When the line containing "Building Photo - UPDATED!!" is found in the data below, give it again along with every later line, exactly; drop the pictures.
--------------------------------
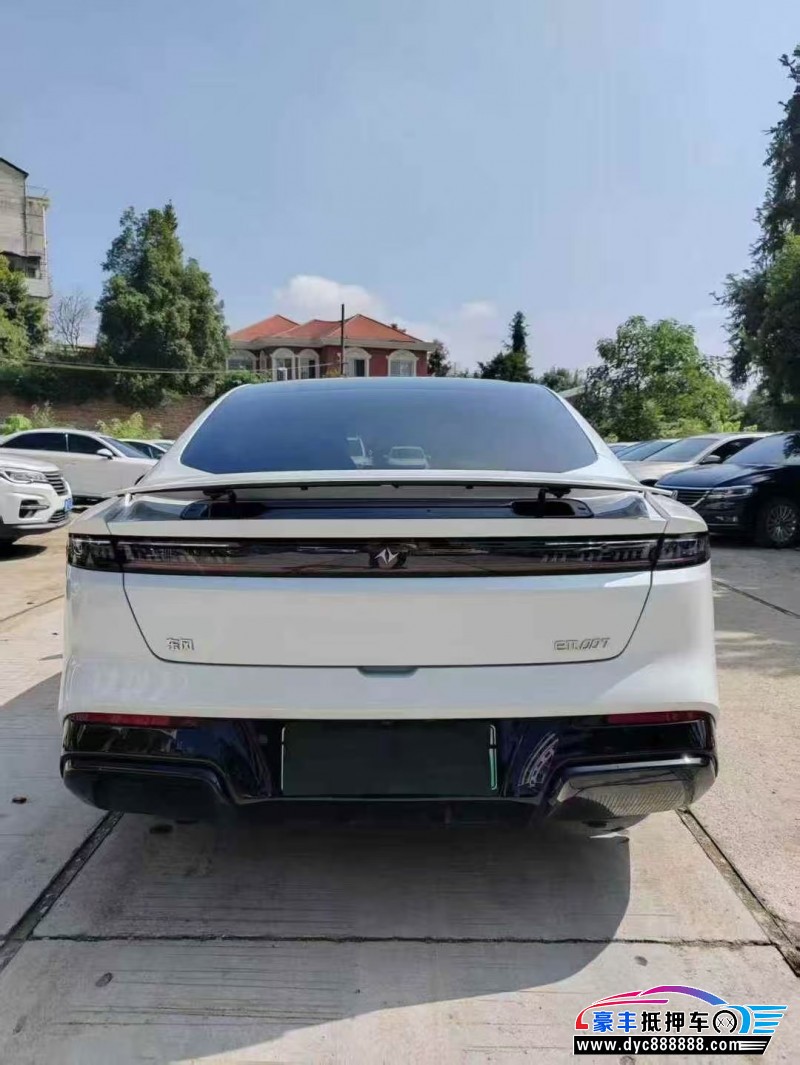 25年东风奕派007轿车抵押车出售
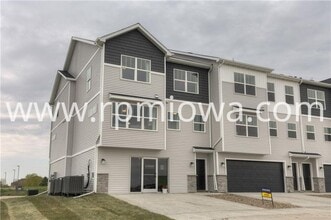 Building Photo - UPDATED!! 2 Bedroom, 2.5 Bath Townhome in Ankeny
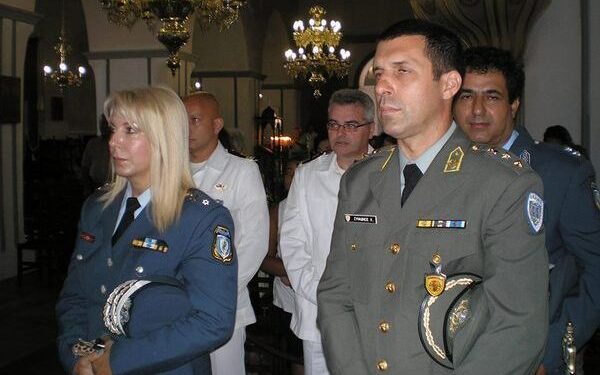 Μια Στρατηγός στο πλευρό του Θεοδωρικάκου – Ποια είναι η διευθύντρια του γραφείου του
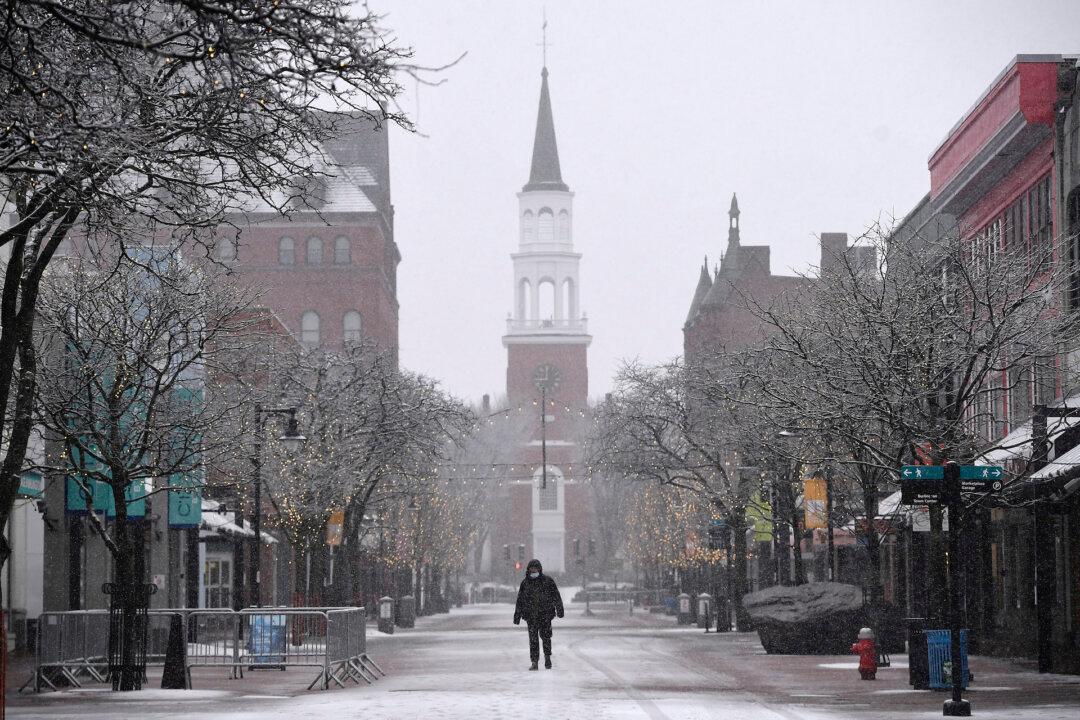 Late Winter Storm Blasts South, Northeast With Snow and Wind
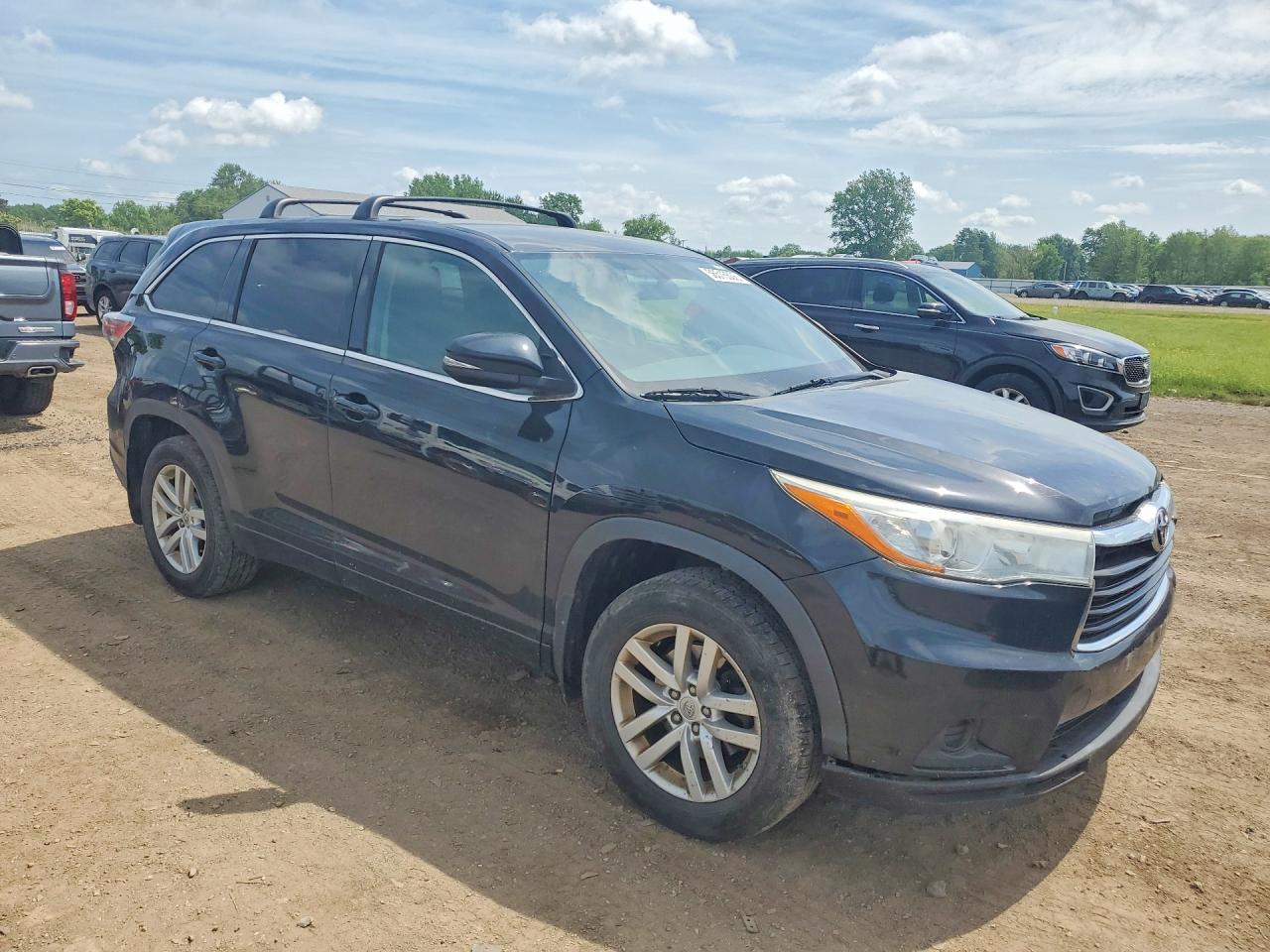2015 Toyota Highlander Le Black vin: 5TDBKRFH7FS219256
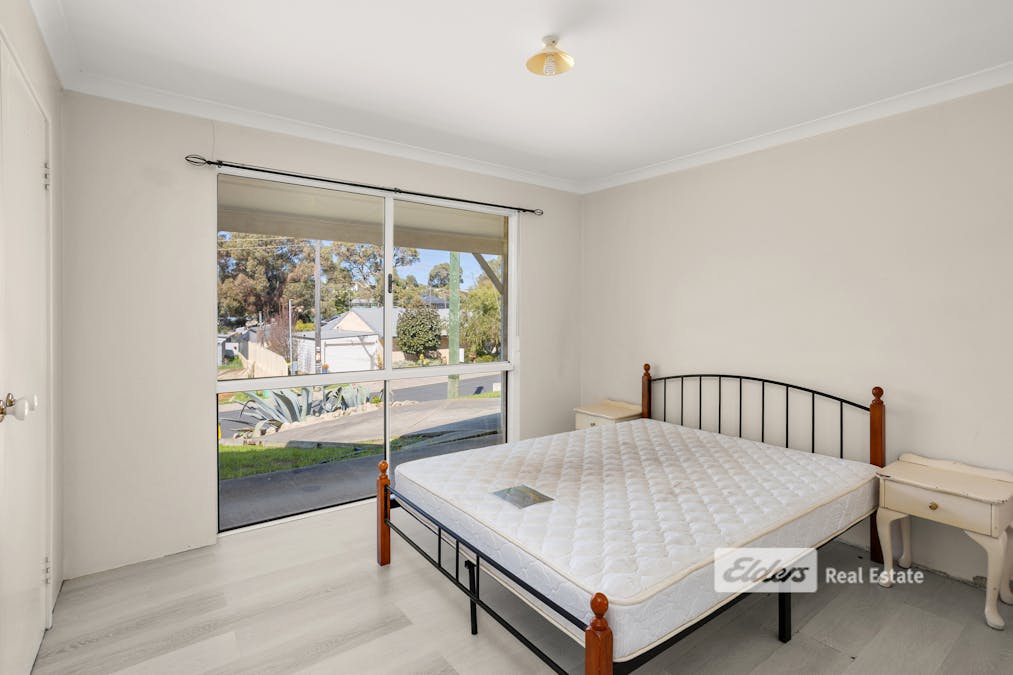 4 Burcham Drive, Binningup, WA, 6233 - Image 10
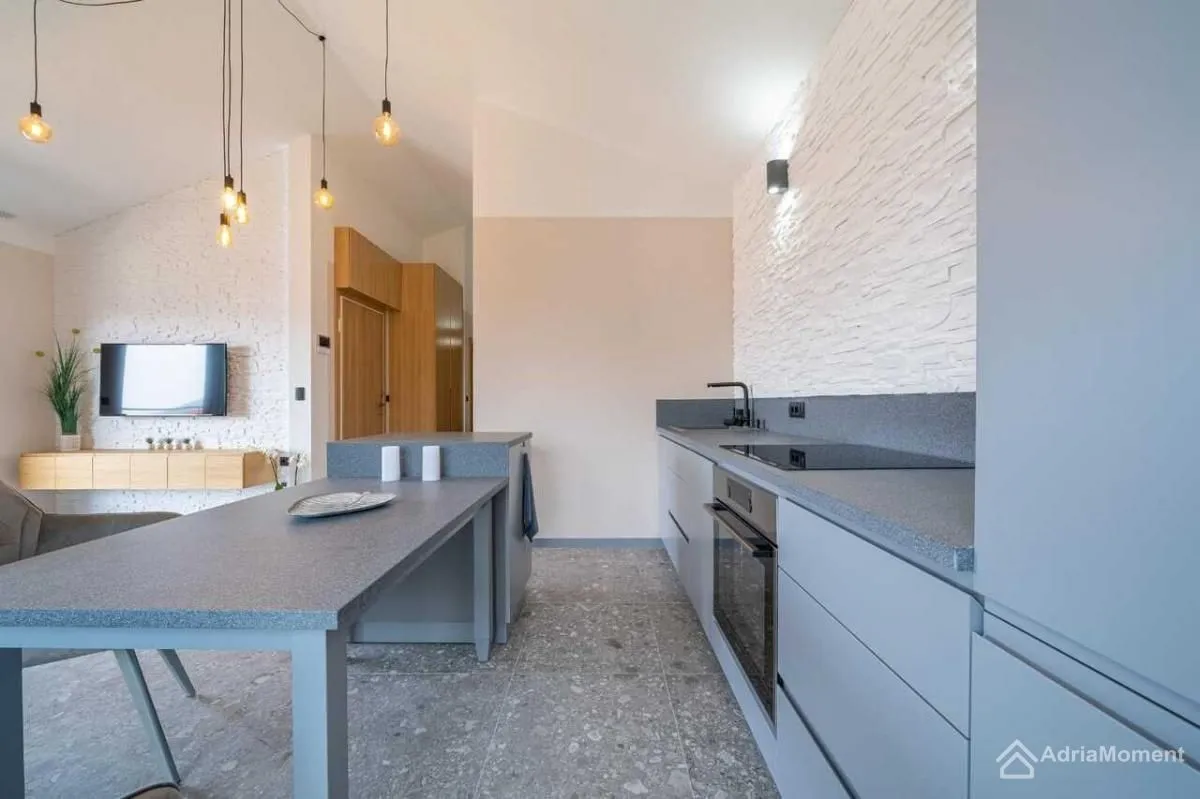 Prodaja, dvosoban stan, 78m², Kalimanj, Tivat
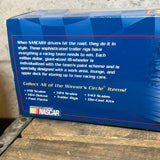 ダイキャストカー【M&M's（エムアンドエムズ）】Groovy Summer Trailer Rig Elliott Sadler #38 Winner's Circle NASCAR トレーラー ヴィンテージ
--------------------------------
RESPONSE TO THIS TASK -
 Building Photo - UPDATED!! 2 Bedroom, 2.5 Bath Townhome in Ankeny
 Μια Στρατηγός στο πλευρό του Θεοδωρικάκου – Ποια είναι η διευθύντρια του γραφείου του
 Late Winter Storm Blasts South, Northeast With Snow and Wind
2015 Toyota Highlander Le Black vin: 5TDBKRFH7FS219256
 4 Burcham Drive, Binningup, WA, 6233 - Image 10
 Prodaja, dvosoban stan, 78m², Kalimanj, Tivat
 ダイキャストカー【M&M's（エムアンドエムズ）】Groovy Summer Trailer Rig Elliott Sadler #38 Winner's Circle NASCAR トレーラー ヴィンテージ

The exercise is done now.